Renewed Interest in the Jews of Pakistan

By Shalva Weil
When India and Pakistan were one country, before the partition in 1947, the Jews were treated with tolerance and equality. In the first half of the 20th century, there were approximately 1,000 Jewish residents in Pakistan living in different cities: Karachi, Peshawar, Quetta, and Lahore. The largest Jewish community lived in Karachi, where there was a large synagogue and a smaller prayer hall. There were two synagogues in Peshawar, one small prayer hall in Lahore belonging to the Afghan Jewish community, and one prayer hall in Quetta.
The Jews of Pakistan were of various origins, but most were from the Bene Israel community of India, and came to Pakistan in the employ of the British. In Pakistan, they spoke Marathi, their mother tongue from Maharashtra; Urdu, the local language; and most spoke English. Prayers were conducted in Hebrew.In 1893, a Bene Israel from Bombay, Solomon David Umerdekar, inaugurated the Karachi Magen Shalom Synagogue on the corner of Jamila Street and Nishtar Road, which officially opened in 1912.Until Partition, the Jewish community thrived. A 1941 government census recorded 1,199 Pakistani Jews: 513 men and 538 women. So accepted were the Jews of Karachi in these years that Abraham Reuben, a leader in the Jewish community, became the first Jewish councilor on the Karachi Municipal Corporation. Other Jews in Pakistan were of ‘Baghdadi’ origin, as well as of Persian and Bukharan Jewish origin.

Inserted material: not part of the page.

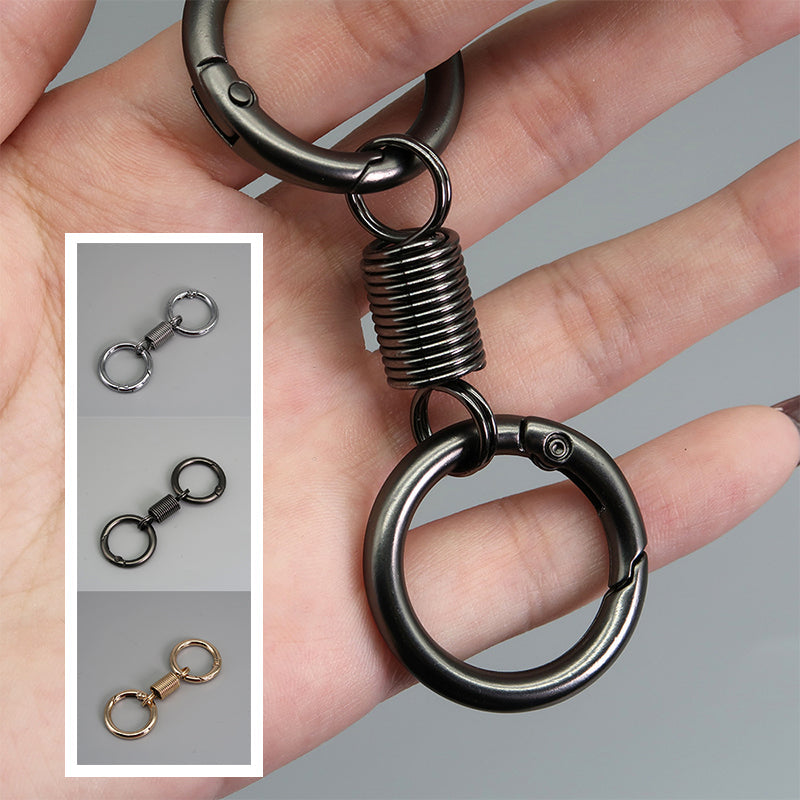 Hjemix | Nordic Retro Våren Dobbel Ring Nøkkelring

On August 15, 1947, India was partitioned and the Dominion of Pakistan was declared. Partition effectively signaled the end of the British Empire. Fearful of their future in the new Islamic state, Jews began to flee. The Bene Israel community in Lahore fled to Karachi and from there moved to Bombay. Simultaneously, Muslim refugees from India, called Mohajir, streamed into Pakistan and attacked Jewish sites. The situation was exacerbated by the declaration of independence for the State of Israel in May 1948. Many of the Karachi Jews left the city, after rioters attacked the Karachi synagogue during a demonstration in May 1948 against President Truman’s recognition of Israel. Some members of the community emigrated to Israel via India, while others settled in Canada and the United Kingdom. I myself did fieldwork among Bene Israel from Karachi living in the town of Lod in Israel.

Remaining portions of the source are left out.